The California-based company said it expected revenues for its fiscal 2020 year to be "flat or down slightly" from the 11.7 billion U.S. dollars it recorded in the just-ended fiscal year. The forecast exceeds the 10.8 billion U.S.dollars in revenue that analysts expected, according to Reuters data.
Fourth-quarter revenues fell for Nvidia, which supplies chips for gaming computers and artificial intelligence work and is coming off record highs early last when demand for its chips for mining cryptocurrencies sent sales soaring.
The just-ended fiscal year was Nvidia's best ever, with sales up more than 21 percent from a year earlier, but sputtered to what chief executive Jensen Huang called a "disappointing finish."
Nvidia reported profit for the fiscal fourth quarter ended January 27 above Wall Street estimates.
Its outlook for the 2020 fiscal first quarter missed analyst expectations only slightly and its data center business did not fall as far as analysts had feared.
"Not-as-bad-as-feared has replaced the better-than-expected for a lot of companies this earnings season," analyst Ivan Feinseth of Tigress Financial Partners said.
Nvidia has entered into newer growth areas such as data centers and self-driving cars as it looks beyond its bread-and-butter business of selling chips that enhance video game graphics.

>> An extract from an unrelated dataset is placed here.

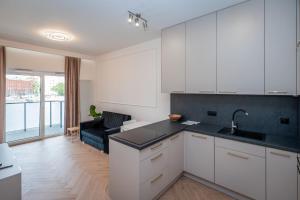 Una cocina con gabinetes blancos y una sala de estar. en Bulwary nad Odrą Apartments z widokiem na rzekę Odrę i prywatnym miejscem parkingowym, en Szczecin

Nvidia's data center business brought in 679 million U.S. dollars in the fourth quarter. That was lower than the year before, but slightly ahead of analyst expectations, according to data from FactSet.
Fourth-quarter total revenue fell to 2.21 from 2.91 billion U.S. dollars but came above its already lowered estimate of 2.20 billion U.S. dollars. The company's net income fell to 567 million U.S. dollars in the fourth quarter.
Its shares were up eight percent to 167.40 dollars in late trading, after closing up 1.09 percent at 154.53 dollars in regular trade on Nasdaq.